Chapter 25 Quiz: Descriptive Statistics for Business Decisions

DataField.Dev

Chapter 25 Quiz: Descriptive Statistics for Business Decisions

Instructions: Choose the best answer for each multiple-choice question. For short-answer questions, write 1–3 sentences. The answer key is at the end.

Multiple Choice

Question 1

Your company's average (mean) customer lifetime value is reported as $8,400. However, when you look at the median customer lifetime value, it is $3,200. The most likely explanation is:

A) There was a calculation error in the mean B) A small number of very high-value customers are pulling the mean upward C) A large number of customers have values near $8,400 D) The data is left-skewed

Question 2

A sales manager is comparing two regions. Region A has a mean monthly revenue of $120,000 with a standard deviation of $8,000. Region B has a mean monthly revenue of $122,000 with a standard deviation of $51,000. Which of the following is the most accurate business interpretation?

A) Region B is clearly the better-performing region because its mean is higher B) Region A is the better-performing region because its mean is higher C) Region B has higher average revenue but far less consistent performance — the higher mean comes with much higher risk D) The two regions are essentially equal because their means are close

Question 3

The IQR (Interquartile Range) of a dataset measures:

A) The distance between the minimum and maximum values B) The average deviation of each value from the mean C) The spread of the middle 50% of values D) The most common range in which values appear

Question 4

You calculate the correlation between marketing spend and new customer acquisitions across 24 months and get r = 0.82. Which of the following conclusions is justified?

A) Increasing marketing spend causes customer acquisitions to increase B) Marketing spend and new customer acquisitions have a strong positive linear relationship C) If you increase marketing spend by $10,000, you will gain exactly 82% more customers D) Marketing spend causes 82% of all new customer acquisitions

Question 5

Which measure of central tendency is most resistant to outliers?
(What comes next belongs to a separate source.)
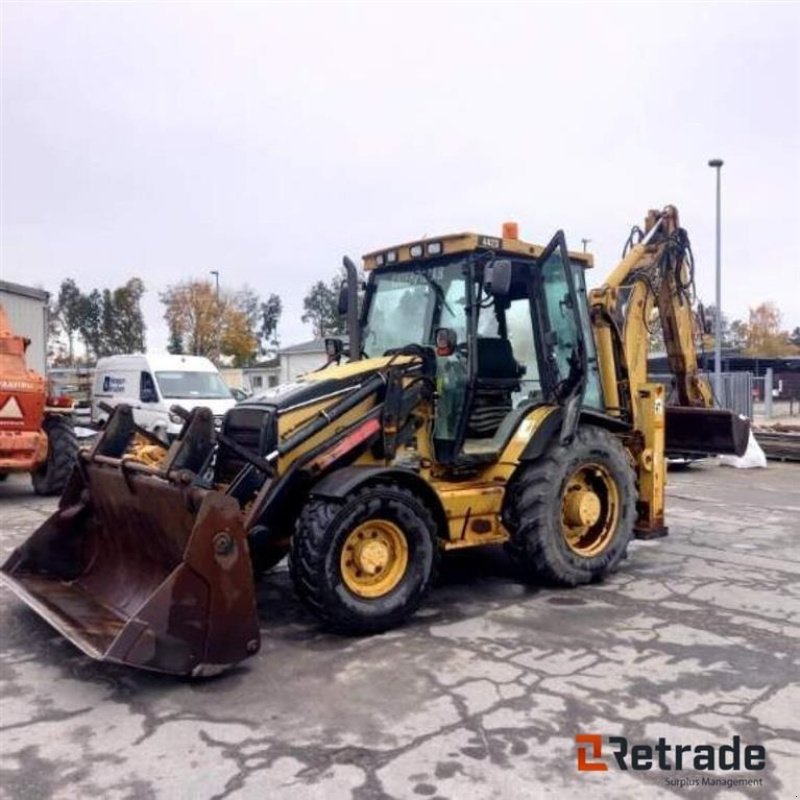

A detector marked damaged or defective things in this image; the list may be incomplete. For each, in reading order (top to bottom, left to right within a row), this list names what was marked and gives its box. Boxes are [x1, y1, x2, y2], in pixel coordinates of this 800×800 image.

cracked concrete ground [0, 462, 796, 800]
A) Mean B) Median C) Mode D) Standard deviation

Question 6

A retail analyst reports: "Our average transaction value is $47." This number is most useful when:

A) The distribution of transaction values is right-skewed with a few very large transactions B) There are many extreme outliers in both directions C) Transaction values are relatively consistent across customers (low standard deviation) D) The analyst is trying to understand what the typical transaction looks like after a big sale

Question 7

You are looking at a histogram of employee salaries. The shape shows most values clustered on the left side with a long tail extending to the right. This describes:

A) A left-skewed distribution B) A right-skewed distribution C) A normal distribution D) A bimodal distribution

Question 8

What does a z-score of -2.8 for a particular value in a dataset indicate?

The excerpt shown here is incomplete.